稀な尿管異常を伴うウィリアムズ症候群



Williams Syndrome With Rare Ureteric Abnormality.

Khan J(1), Al-Obaidy KI(1), Fan R(1).
Author information:
(1)Pathology and Laboratory Medicine, Indiana University School of Medicine, Indianapolis, USA.
Cureus. 2021 Aug 16;13(8):e17210. doi: 10.7759/cureus.17210. eCollection 2021 Aug.
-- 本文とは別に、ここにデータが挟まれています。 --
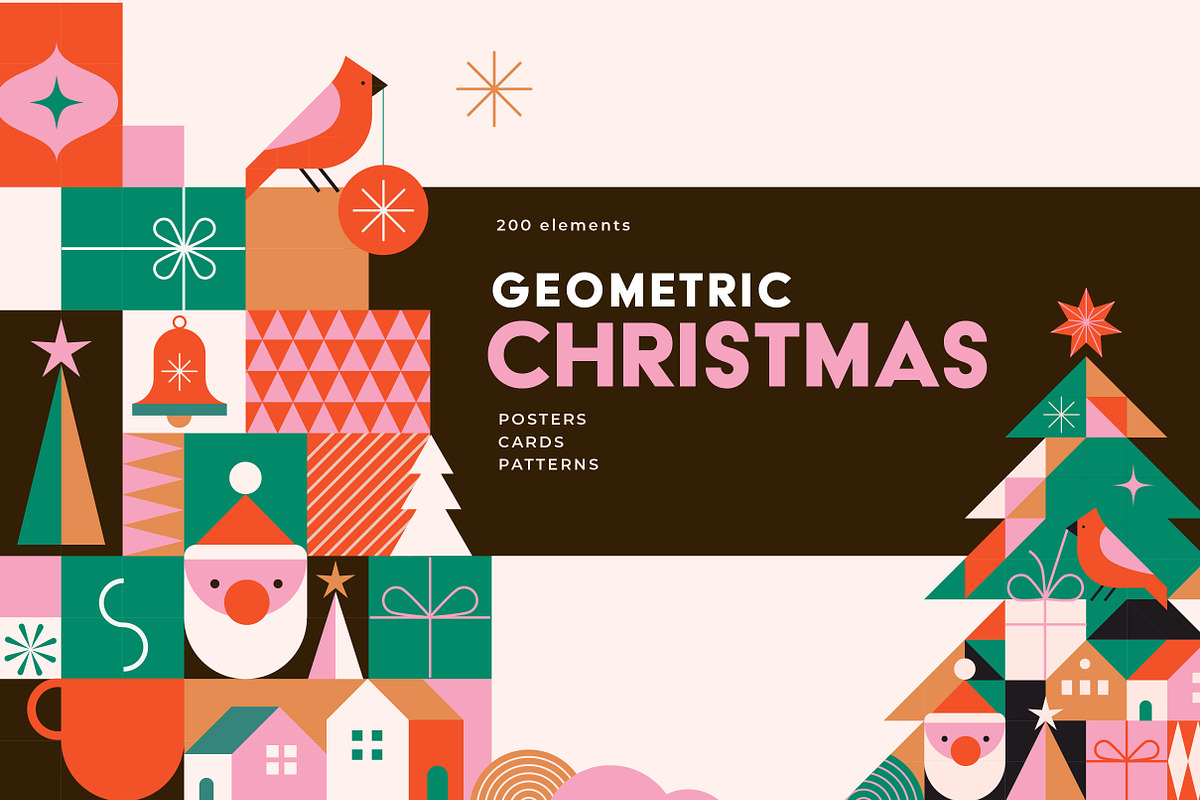 Geometric Modern Christmas, a Seasonal Illustration by Marish (Photo 1 of 9)
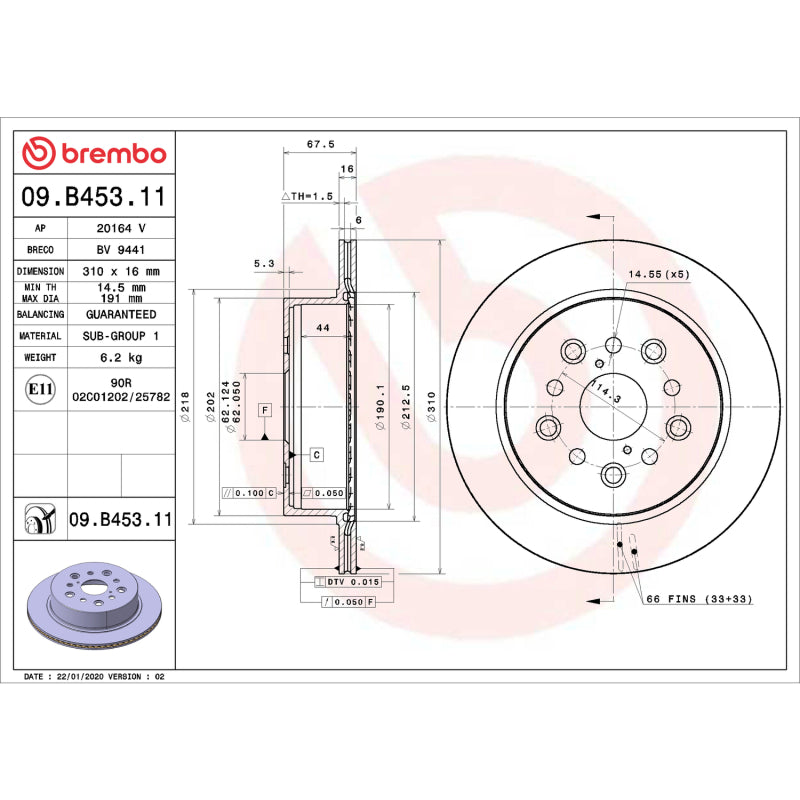 Brembo OE 09.B453.11 01-06 fits Lexus LS430 UV Coated Brake Disc - Rear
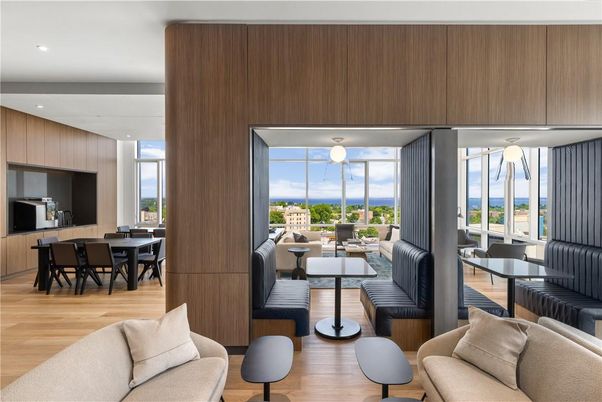 Dining room, Interior, Living room, Recessed Lighting, Wood Texture Flooring, Wooden Walls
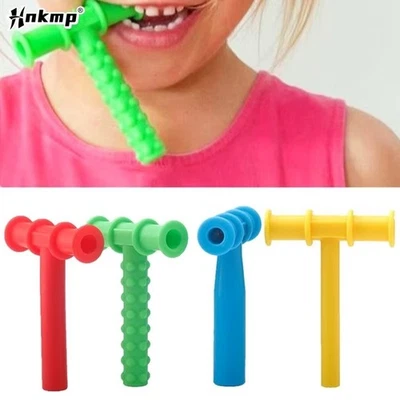 Kids Chewing Tube T-Shape Chewy Teether Baby Oral Motor Chew Tools Tuxtured A.mf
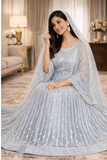 LIGHT BLUE SILVER EMBROIDERED CHOLI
ウィリアムズ症候群、別名ウィリアムズ・ビューレン症候群は希少遺伝子疾患であり乳児性高カルシウム血症、低身長、様々な精神遅滞、妖精様顔貌、循環器疾患(これには全身性高血圧、大動脈形成不全、大動脈狭窄、心臓弁疾患(大動脈と肺動脈の狭窄、僧帽弁逸脱、 大動脈二尖弁))を特徴とする。友好的で外交的な性格も特徴である。ウィリアムズ症候群の症例の大部分は孤発性であるが、ごく一部は家族性である。孤発性と家族性の両方の症例とも第7染色体(7q11.23)の欠失を原因とする。ここでは、ウィリアムズ症候群の自然歴を有する25歳の母親から生まれた生後16日の男児に対する検死解剖症例を報告する。 出生前のエコー検査の結果は、大動脈弁上狭窄と肺動脈狭窄を示していた。出生後の経過は授乳困難と飽和度低下を合併した。肉眼による検死解剖所見によれば、全身性浮腫、首が短い巨大頭蓋症、複数の顔貌異常(下顎形成不全、低い鼻梁、長い人中、耳奇形、幅広い口)が認められた。心臓は肥大化し、心室は閉塞しており未発達で大動脈根は未発達で低形成であった。肥大し拡張し蛇行した左尿管は本症例の独特な特徴であり、それに加えて腎動脈の大きさに変異や、回盲弁から33p離れている小さな膀胱の膨出がみられた。細胞遺伝学的分析の結果、第7染色体(7q11.23)に欠失が認められた。結論として、ウィリアムズ症候群の症例の大部分は孤発性であるが、ごく一部は家族性であり常染色体優性遺伝性である。